=== Section Start ===

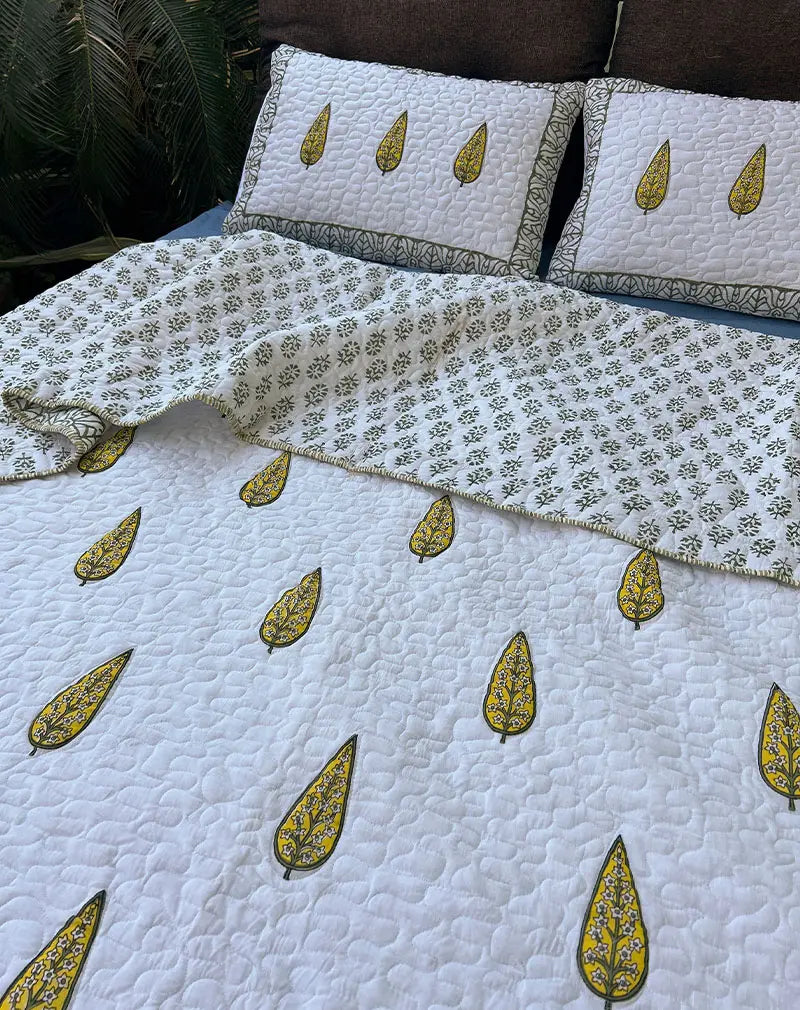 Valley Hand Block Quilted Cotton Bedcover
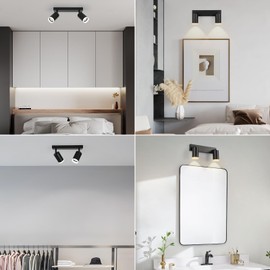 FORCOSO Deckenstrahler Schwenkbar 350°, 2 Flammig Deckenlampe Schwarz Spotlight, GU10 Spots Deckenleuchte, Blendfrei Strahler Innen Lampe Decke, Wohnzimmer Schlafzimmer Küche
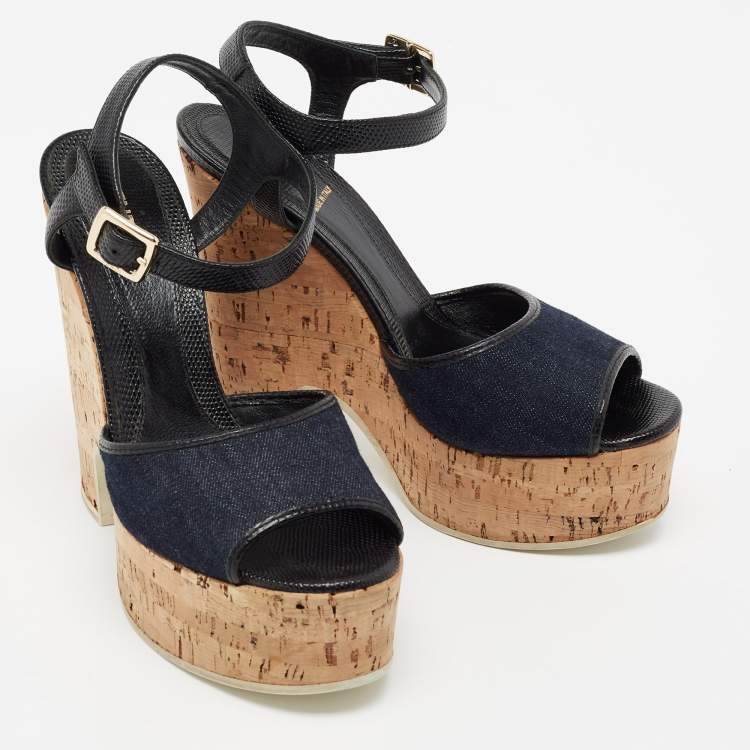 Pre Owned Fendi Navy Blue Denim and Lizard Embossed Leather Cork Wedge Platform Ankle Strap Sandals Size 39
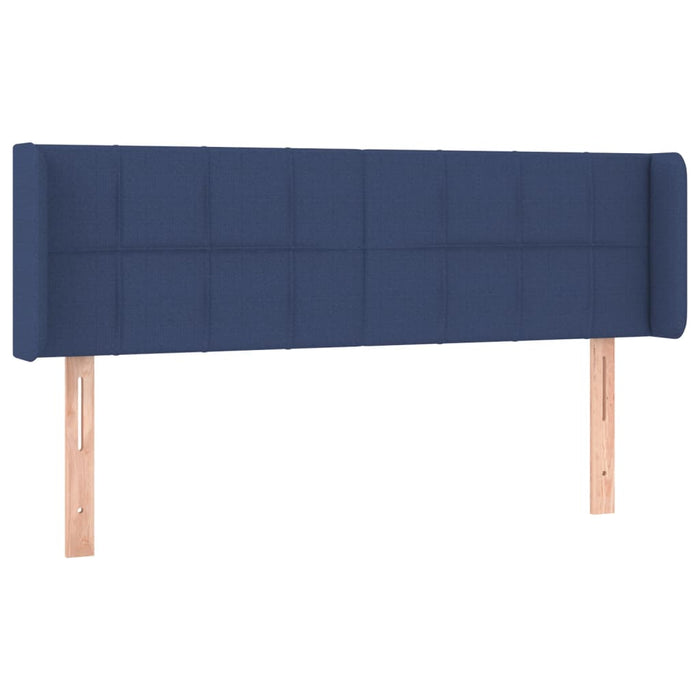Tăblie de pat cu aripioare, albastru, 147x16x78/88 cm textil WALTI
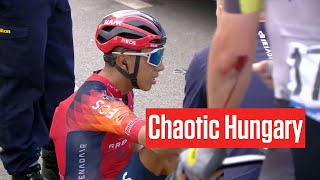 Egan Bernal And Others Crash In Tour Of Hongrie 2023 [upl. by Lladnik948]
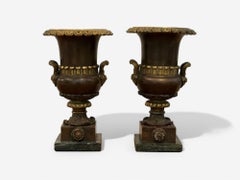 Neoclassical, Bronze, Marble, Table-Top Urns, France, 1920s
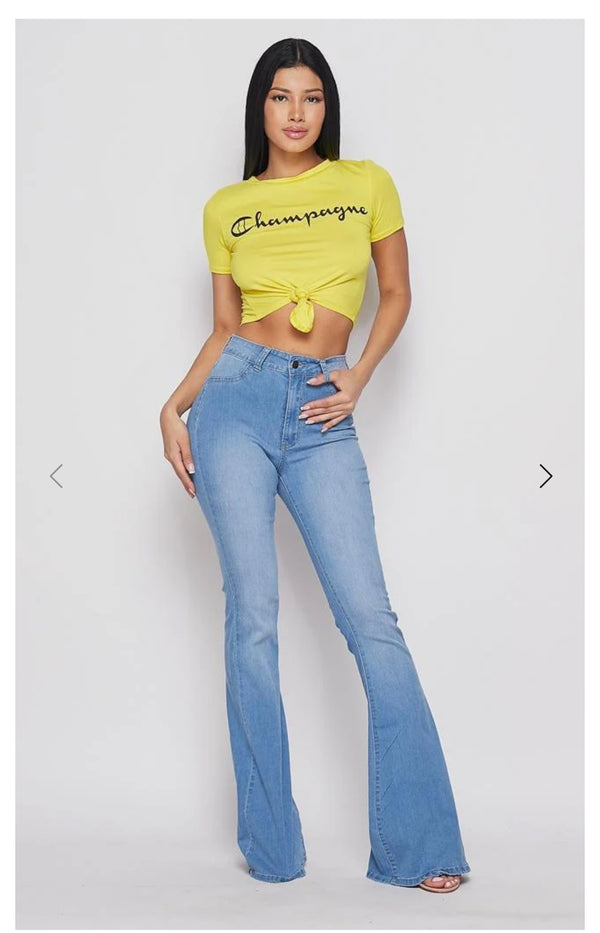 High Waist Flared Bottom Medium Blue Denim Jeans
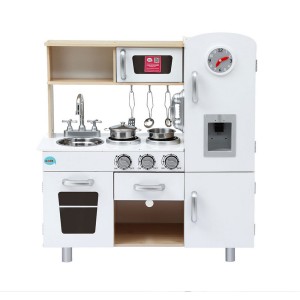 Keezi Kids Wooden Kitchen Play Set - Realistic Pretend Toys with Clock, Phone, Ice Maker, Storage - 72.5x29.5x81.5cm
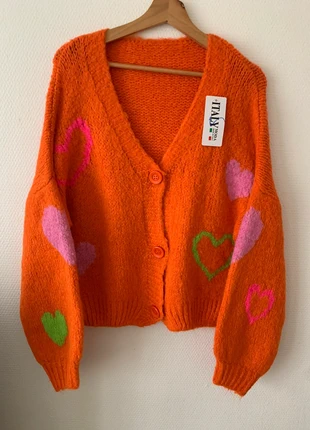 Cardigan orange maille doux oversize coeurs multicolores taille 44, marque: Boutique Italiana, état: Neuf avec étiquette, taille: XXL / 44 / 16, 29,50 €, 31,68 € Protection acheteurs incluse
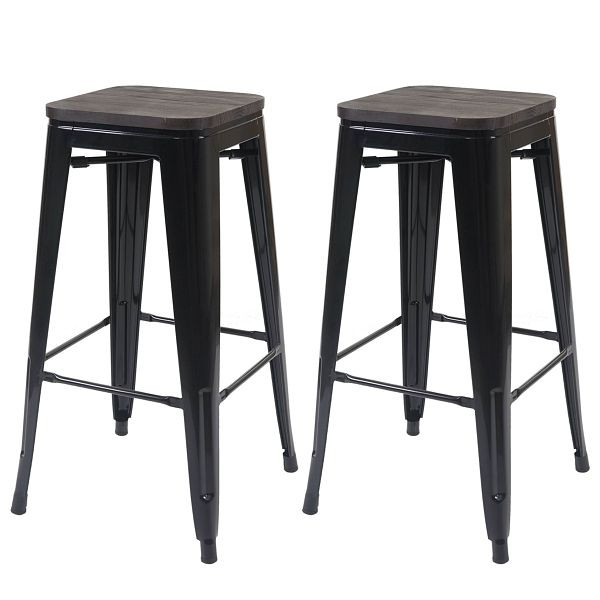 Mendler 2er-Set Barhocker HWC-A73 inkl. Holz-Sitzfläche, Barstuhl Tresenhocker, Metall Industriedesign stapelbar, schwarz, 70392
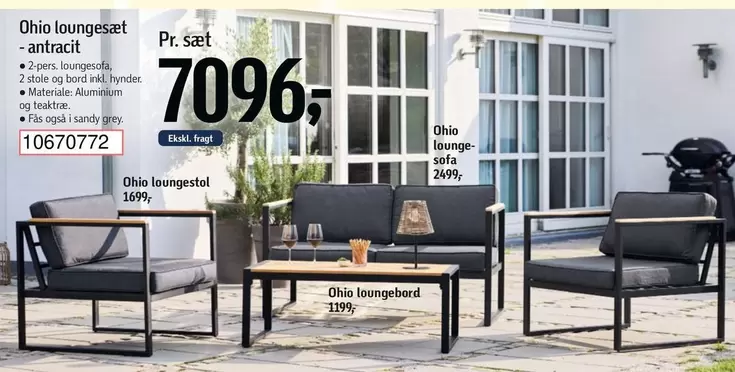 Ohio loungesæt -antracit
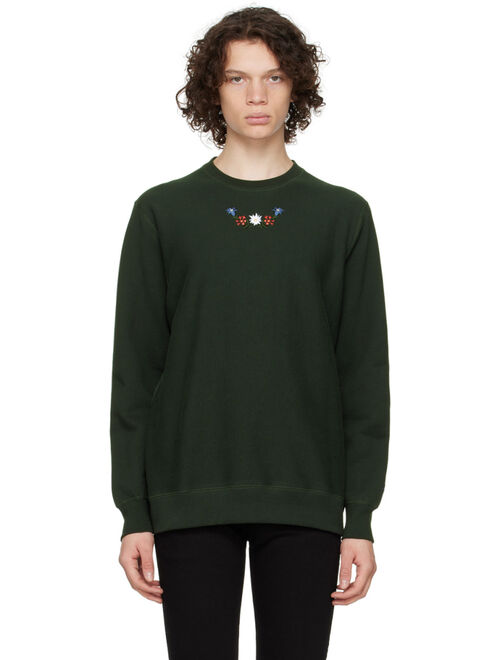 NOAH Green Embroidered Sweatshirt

=== Section End ===

TO DO: With pictures excluded, reproduce exactly the lines above from the one containing "Pre Owned Fendi" down to the one containing "Cardigan orange maille", those two included.

ANSWER SPACE:
 Pre Owned Fendi Navy Blue Denim and Lizard Embossed Leather Cork Wedge Platform Ankle Strap Sandals Size 39
Tăblie de pat cu aripioare, albastru, 147x16x78/88 cm textil WALTI
 Egan Bernal And Others Crash In Tour Of Hongrie 2023 [upl. by Lladnik948]
 Neoclassical, Bronze, Marble, Table-Top Urns, France, 1920s
 High Waist Flared Bottom Medium Blue Denim Jeans
 Keezi Kids Wooden Kitchen Play Set - Realistic Pretend Toys with Clock, Phone, Ice Maker, Storage - 72.5x29.5x81.5cm
 Cardigan orange maille doux oversize coeurs multicolores taille 44, marque: Boutique Italiana, état: Neuf avec étiquette, taille: XXL / 44 / 16, 29,50 €, 31,68 € Protection acheteurs incluse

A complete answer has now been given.